# SE-I & SE-II Exam Preparation



## Genuine_Opinion (Oct 30, 2007)

I have PE in Civil last year and am planning to take SE-I &amp; SE-II exams in April-'08 in IL. I have CERM, SERM and Seismic and Wind Analysis - Alan Williams. I also have most of the codes EXCEPT AISC Steel Seismic Manual (R13) and Pre-Stressed Concrete Design Manual. I prefer to attend Building Design section in SE-II.

I appreciate if someone who has either passed or gone through both of these exams can guide me about the following topics:


More of reference books / study guides still necessary?
More about reference manuals for Steel, Concrete, Wood and/or Masonry Seismic Design?
What depth of coverage necessary for SE-I and SE-II?
Any on-line study program recommended for these exams?
Any problem practice book(s) one should try!
Any recommendations!
I thanks for all responses to this post in advance.

-Genuine_Opinion


----------



## kevo_55 (Oct 30, 2007)

I've passed both exams, and I could help you out. I'm sure many others could help around here too though.

See this thread: http://engineerboards.com/index.php?showtopic=2722

I give all of the books that I took into the exam. Get ready for the design standards to change though. The writing on the wall is 2006 IBC with all the ref's will be used starting next April.


----------



## Genuine_Opinion (Oct 30, 2007)

kevo_55 said:


> I've passed both exams, and I could help you out. I'm sure many others could help around here too though.
> See this thread: http://engineerboards.com/index.php?showtopic=2722
> 
> I give all of the books that I took into the exam. Get ready for the design standards to change though. The writing on the wall is 2006 IBC with all the ref's will be used starting next April.


Kevo_55:

Thank you very much for your response.

I've gone through all of the books you suggested and found almost all of them refer to 2003 edition of codes while I have to match with NCEES recent requirements.
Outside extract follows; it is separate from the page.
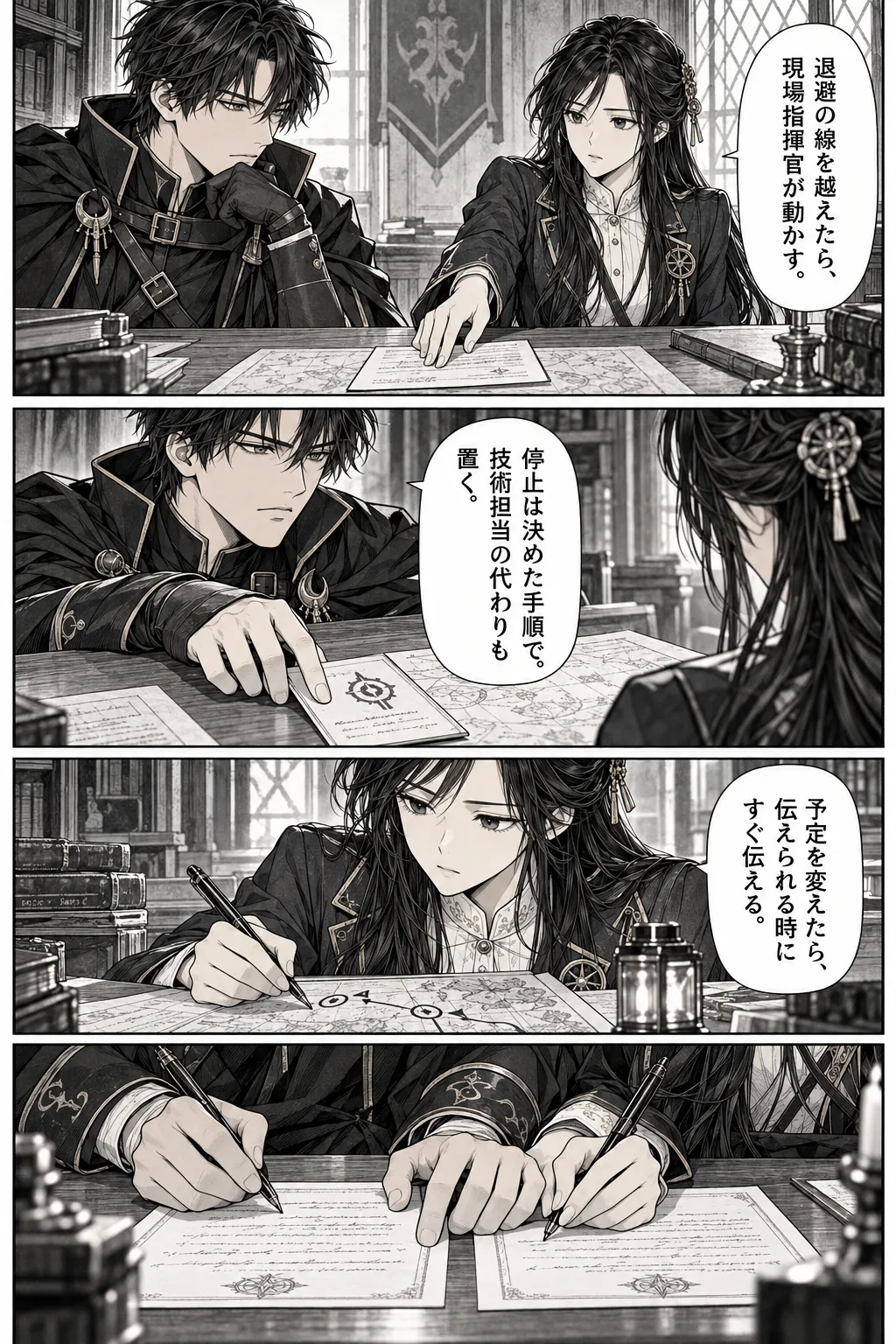 Unexpected encounter in another world, Chapter 12: Terms of Trust. Japanese story page 8.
I did not find any recent publication (books) on www.iccsafe.org for the latest code for Concrete, Seismic or Masonry design requirements.

I wish to implement intensive study plan for both SE Exams of April-'08. What could be my best bat now?

Regards,

Genuine_Opinion


----------



## kevo_55 (Oct 31, 2007)

Genuine_Opinion said:


> Kevo_55:
> Thank you very much for your response.
> 
> I've gone through all of the books you suggested and found almost all of them refer to 2003 edition of codes while I have to match with NCEES recent requirements. I did not find any recent publication (books) on www.iccsafe.org for the latest code for Concrete, Seismic or Masonry design requirements.
> ...


Of course, I passed both the SEI and SEII when 2003 IBC was the norm.

But have no fear, the ICC website has new versions of the concrete, seismic, and masonry requirements. You might just need to find the newer versions of the books that I posted.

I'd honestly go and get this though: http://www.iccsafe.org/e/prodshow.html?pro...YLuFchhnj9625|7

It's slated to be out in a week or two. This doesn't go over wind loads, but it's much better than the "Seismic and Wind Forces" book overall.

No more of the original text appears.